This above all to thine own self be true:
And it must follow, as the night the day,
Thou canst not then be false to any man.
Shakespeare: Hamlet: act 1.
- Seldom or never does a marriage develop into an individual relationship smoothly without crises. There is no birth of consciousness without pain. C.G.Jung: Psychological reflections.
- All people in this world are different from each other.
- Solitary confinement is one of the most dreaded of punishments. Jean Pain.
We all need other people in one way or another, even if we only say ‘Hello’ two or three times a day. Imagine you were stranded on an island. If, after a long time you are still sane and then, one day, another person appears. It would be a wonderful surprise. How long do you think it would last? No doubt you would both do your best to find a way of escaping. After a while, you would gradually lose hope and settle down to make the best of your lives or one of you might kill the other. Or would they? Inevitably you would soon find out all the things that you disliked about each other.

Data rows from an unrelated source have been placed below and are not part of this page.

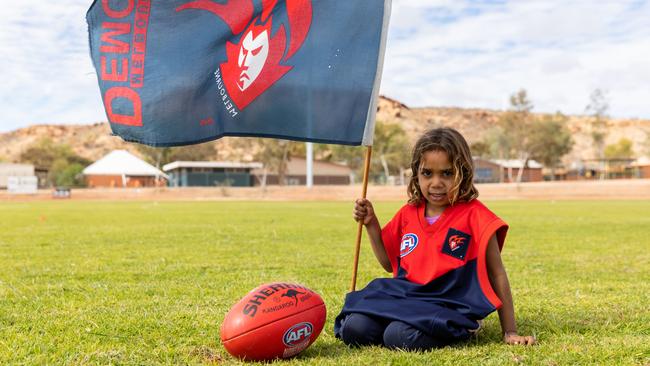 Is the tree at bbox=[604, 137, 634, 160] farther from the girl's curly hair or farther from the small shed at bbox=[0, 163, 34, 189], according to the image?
the girl's curly hair

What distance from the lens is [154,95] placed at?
195 inches

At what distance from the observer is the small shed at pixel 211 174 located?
276ft

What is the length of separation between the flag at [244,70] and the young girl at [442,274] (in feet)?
2.27

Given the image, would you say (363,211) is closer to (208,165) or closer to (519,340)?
(519,340)

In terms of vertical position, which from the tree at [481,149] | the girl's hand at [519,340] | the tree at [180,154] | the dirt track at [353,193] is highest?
the tree at [481,149]

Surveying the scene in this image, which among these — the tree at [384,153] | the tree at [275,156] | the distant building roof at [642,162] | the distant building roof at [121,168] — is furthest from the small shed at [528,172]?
the distant building roof at [121,168]

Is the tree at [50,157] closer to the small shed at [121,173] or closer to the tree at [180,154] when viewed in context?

I imagine that you are a man and a woman of similar age.
Now, think of the same two people, living in some kind of society, who have great difficulty in making friends, yet still believe that they can get married and make it work. That would be equally hard to do. We have to remember that none of us know ourselves very well. This has always been the case as Shakespeare in his wisdom discovered more than four centuries ago. Most of us have been influenced to fit in to the community in which they were born. I have met people in this predicament when I was a psychotherapist. Working with them is not easy.
Most of the agony aunts writing in newspapers treat this matter in a superficial way. Much of it trying to tell people to be nice to each other. What I want to do is to get down to the nitty gritty. I come across dating advertisements all the time and all of them give descriptions of themselves that shed no light on what kinds of people they are, but focus on physical appearance and hobbies. If you are looking for a long term friendship or spouse, you need to be able to read other people by the way they talk and behave.
We all base our judgements on our own experiences, what we have learned and who we have met. Henri Ellenberger tells us about how Adler possessed the gift of menschenkenntnis (the intuitive practical understanding of man). In his clinical work with a new patient, about whom he knew nothing, he looked at him for a moment, asked a few questions and he could get a complete picture of the subject’s life problems. This is something I learned to do from childhood but because it came naturally I thought nothing of it. I have based my research on the works of Harvey Sacks, C.B. Jung, Freud, Erich Bromm, Eric Berne, Adler, David Rosenthal and many other psychologists and philosophers. I have also been an avid reader all my life, mostly the classics. I find very few contemporary writers and painters that delight me.
I am building up a programme of ways to help people to understand themselves and others. This includes questionnaires, exercises, including how to find out things about themselves and other people . I have always been fascinated by how we talk with each other and how we give our real selves away in so many small movements and tones of voice.
It is not easy to make important changes in our lives and it can be temporarily a painful time, but I know how rewarding it can be when it is properly done.